▶ _Data block_:
↓↓↓

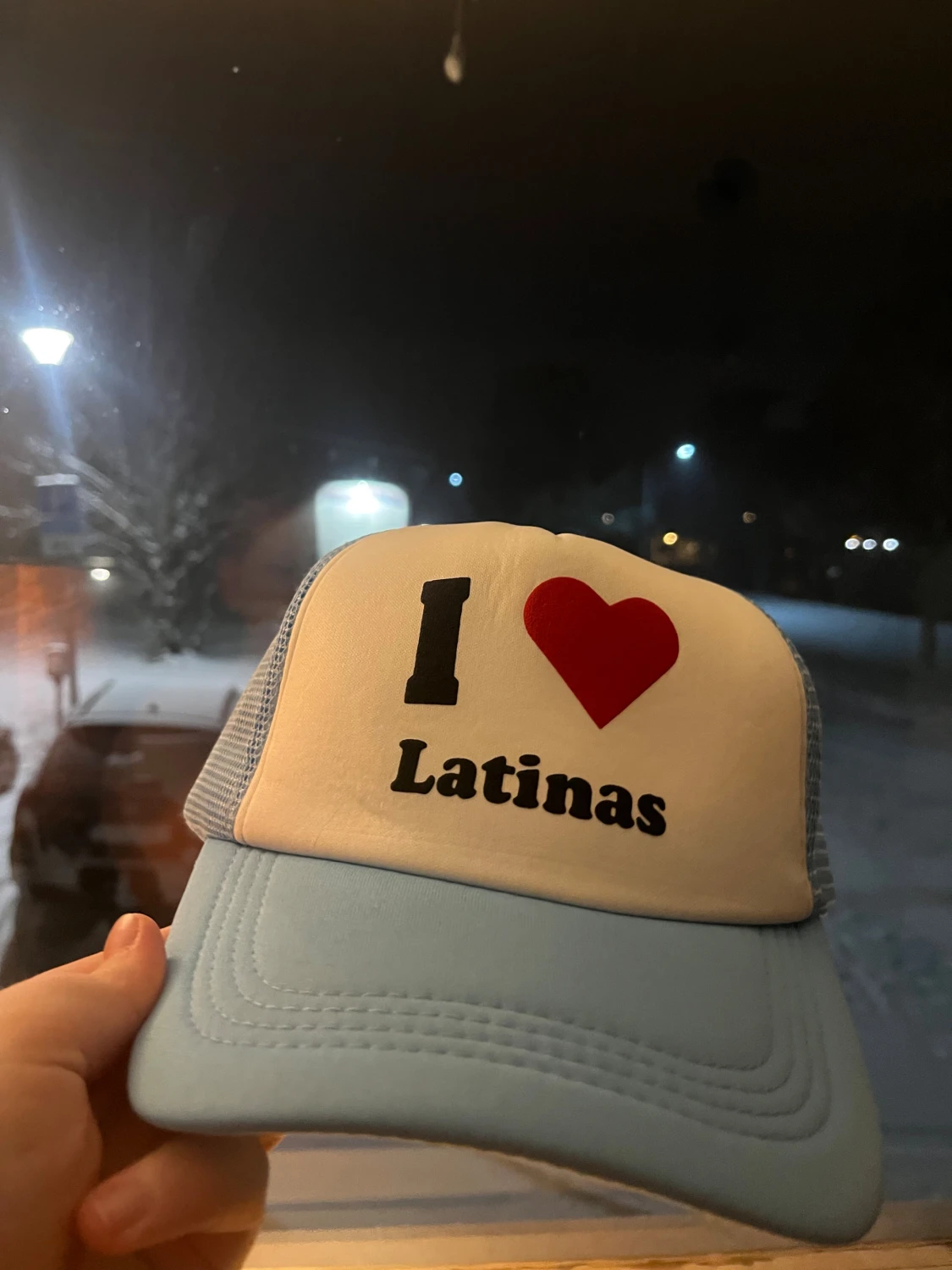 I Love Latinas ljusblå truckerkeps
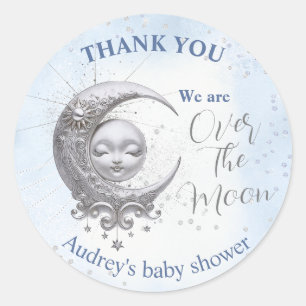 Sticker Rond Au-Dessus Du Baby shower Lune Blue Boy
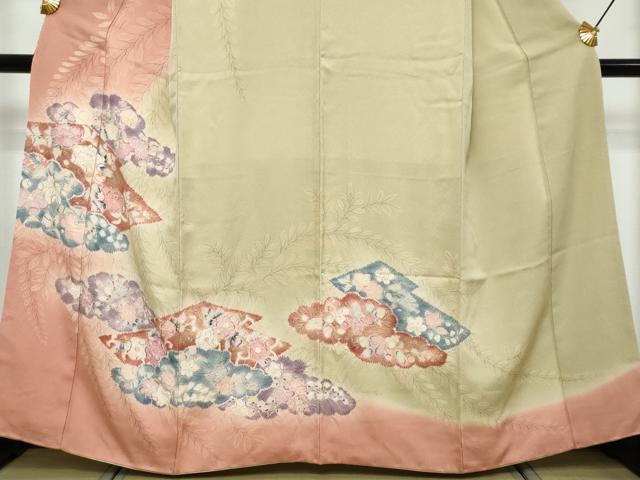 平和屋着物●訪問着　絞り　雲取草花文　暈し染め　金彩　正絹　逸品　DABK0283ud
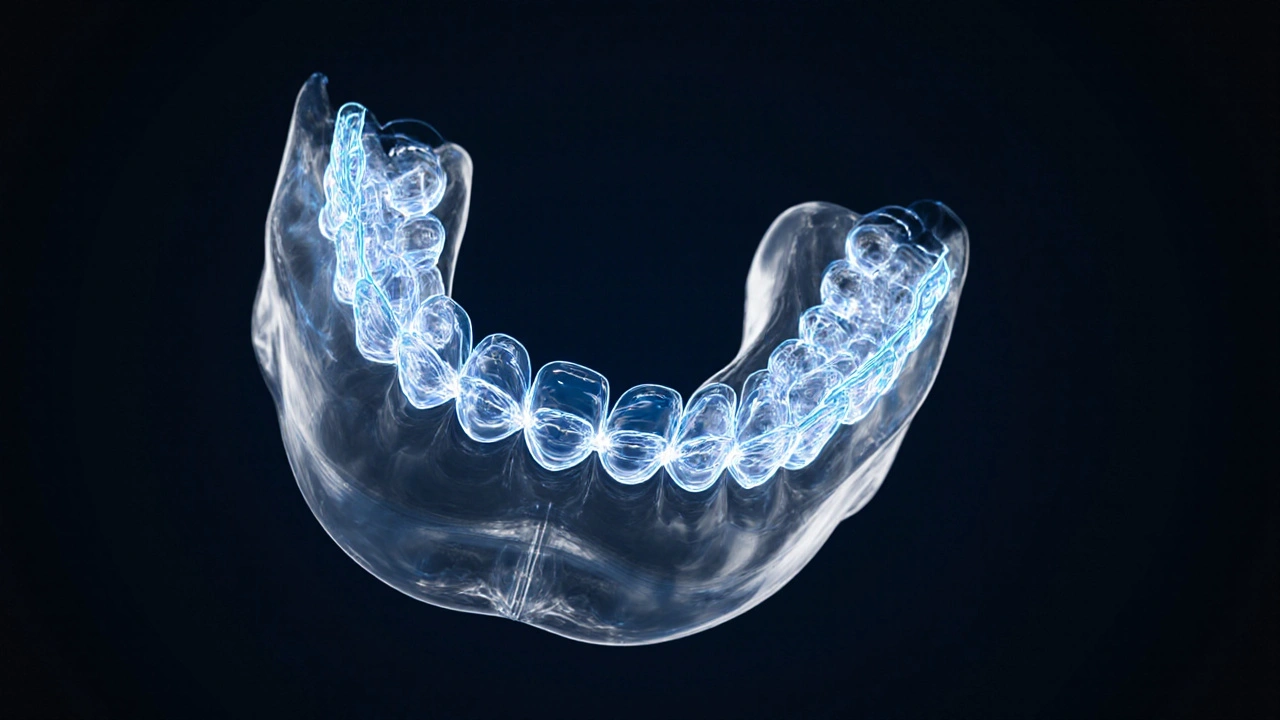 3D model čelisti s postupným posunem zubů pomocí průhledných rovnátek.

↑↑↑

▶ _How to complete this task_:
Please copy out the material above exactly, with the images removed.

▶ _Task output_:
 I Love Latinas ljusblå truckerkeps
 Sticker Rond Au-Dessus Du Baby shower Lune Blue Boy
 平和屋着物●訪問着　絞り　雲取草花文　暈し染め　金彩　正絹　逸品　DABK0283ud
 3D model čelisti s postupným posunem zubů pomocí průhledných rovnátek.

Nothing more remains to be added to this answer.